Please give back, exactly as written, only the line containing "汽车以10m/s的速度驶向一" and every line after it until the data below ends.

• Dataset content:
• • •

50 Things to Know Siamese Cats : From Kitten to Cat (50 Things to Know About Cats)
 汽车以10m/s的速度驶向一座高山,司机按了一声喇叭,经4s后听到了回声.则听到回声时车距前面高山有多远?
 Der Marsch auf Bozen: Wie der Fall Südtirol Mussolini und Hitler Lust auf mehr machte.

• • •

• Answer box:
 汽车以10m/s的速度驶向一座高山,司机按了一声喇叭,经4s后听到了回声.则听到回声时车距前面高山有多远?
 Der Marsch auf Bozen: Wie der Fall Südtirol Mussolini und Hitler Lust auf mehr machte.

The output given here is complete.